Mulholland has been at Bushmills for nearly 30 years, and was working in the lab there when this liquid was distilled back in 1992. She ran the original analysis on the distillate before it went into ex-bourbon barrels for 11 years before being re-casked into specially selected cognac barrels in 2003. As the whiskey matured over the next three decades, it was Mulholland’s job to follow its progress. “I’ve always thought it was an especially special effort,” she says. “I’ve held it back specifically for this range.”

It’s easy to see why. When the whiskey was re-casked in 2003, cognac barrels wouldn’t have necessarily been an obvious choice. Though unorthodox maturations and exotic cask-finishing experiments are now commonplace in whiskies the world over, this wasn’t always the case (which is why you don’t see a whole lot of whiskey that has spent this much time in cognac barrels). But the cognac ended up being a perfect partner for Bushmills, Mulholland says.

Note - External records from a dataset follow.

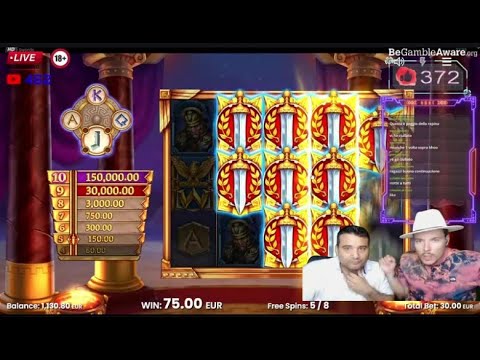 RACCOLTA BONUS🤑 SLOT ONLINE🎰 – PUSH💣 – YGGDRASIL💎💀 – BTG⚡- BIG WIN💥💰💸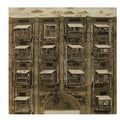 Cityscape etching drawing titled 'Pigeoned home', 30x72 inches, by artist Mangesh  Kapse on Paper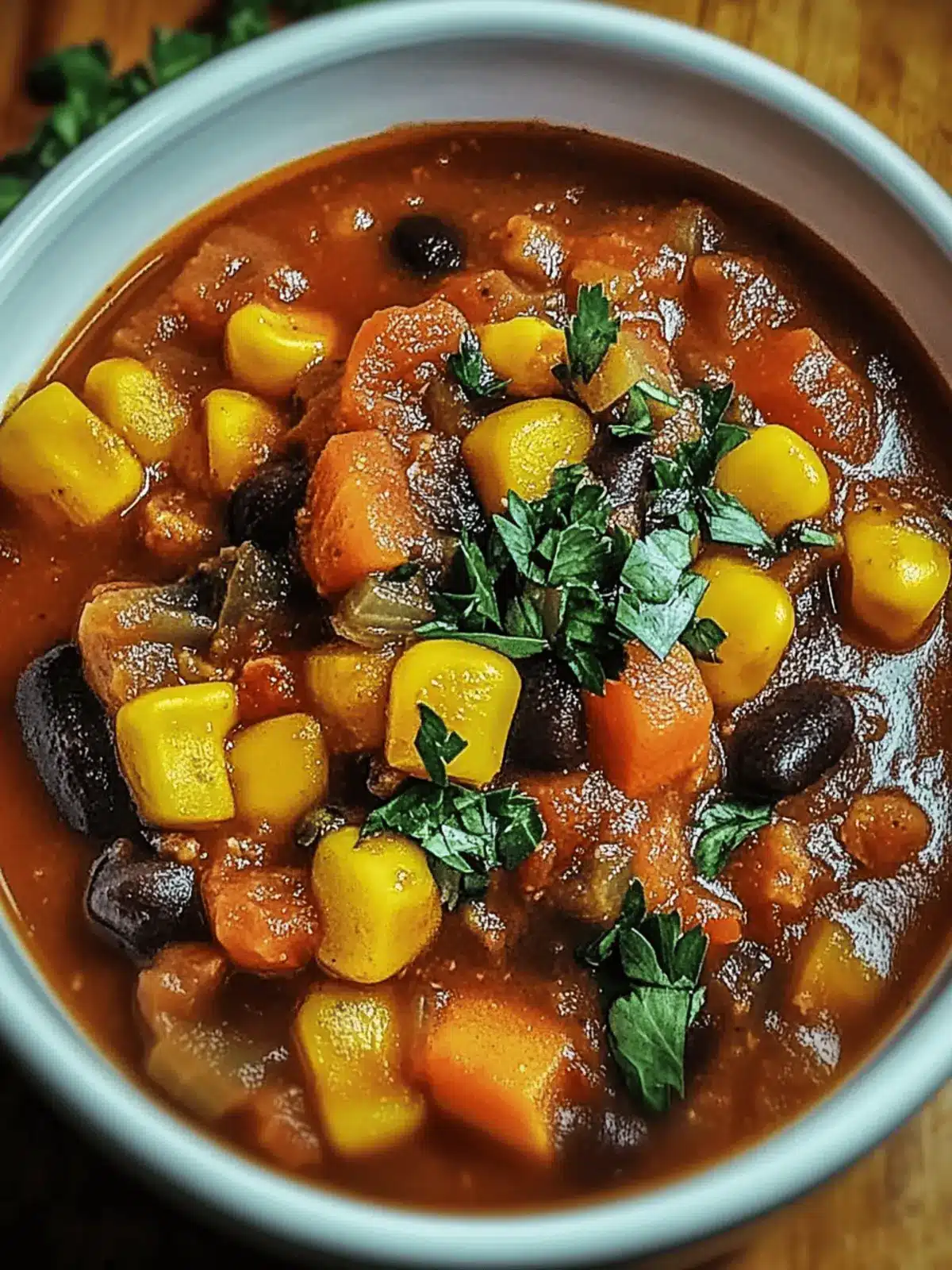 Native American Three Sisters Stew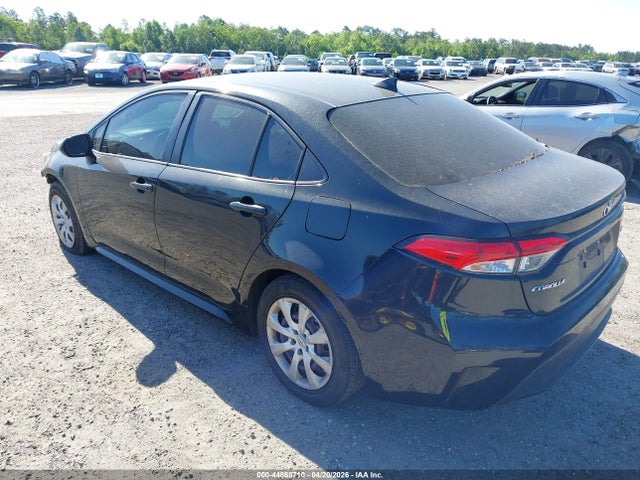 Продажа на аукционе авто 2020 Toyota Corolla Le, vin: JTDEPRAE5LJ017455, номер лота: 44868710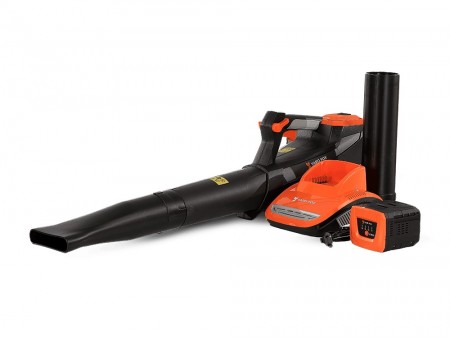 Воздуходувка аккумуляторная YARD FOX 40V B 200 B SET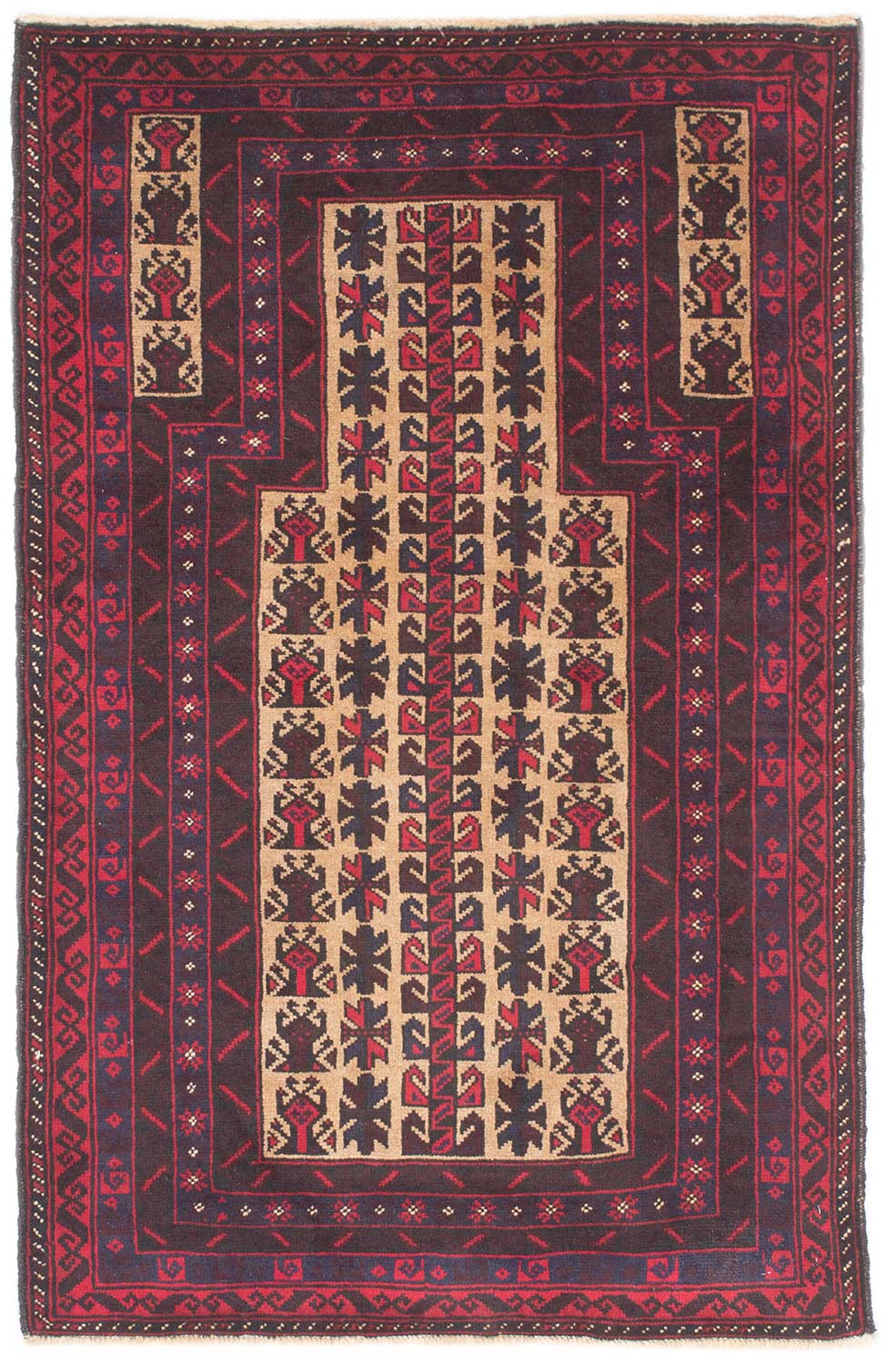 Χαλιά Belutsch - Beluch 87 x 138 cm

Bushmills is fundamentally a malty whiskey, and the long duration in ex-cognac wood enriches all those notes of vanilla, honey, malt, and wood while softening any rough edges. “There’s a roundness you can only get with a single malt of this age,” she says.

And it is remarkably round. The nose is malty, with soft wood notes mingling with stone fruits, vanilla, and warm spice. On the tongue there’s an initial bright burst of freshly cut pear followed by waves of warm honey and vanilla, dried fruits, roasted almonds, and a long finish tinged with cinnamon and baking spice. It’s remarkably light on its feet for a 28-year-old whiskey. It’s not exactly sumptuous in texture so much as rich in those malty notes that speak to Bushmills’ DNA and cognac’s sprightly, fruity eau de vie.

It’s worth noting that Bushmills isn’t on this journey alone, but has partnered with rare spirits subscription service Flaviar to not only deliver its Rare Cask series to consumers (members can purchase this bottle there) but also to help guide the selection of the next cask to be bottled. Bushmills will soon release samples from three casks for tasting, Mulholland says—a 1992 single malt finished in Pedro Jimenez sherry casks, a 1995 finished in marsala wine casks, and a 1997 crystal malt distillate matured in bourbon casks. Through the partnership Flaviar members can enter a lottery through which 100 members will be selected to receive tasting samples of all three liquids and vote for their favorite. Any Flaviar member will be able to read up on the tasting notes and vote for the cask they want to see bottled in the next Rare Cask series release.

With only 500 total bottles available at $500 each, this whiskey won’t be available for long, but for now you can find it at select retailers and at flaviar.com.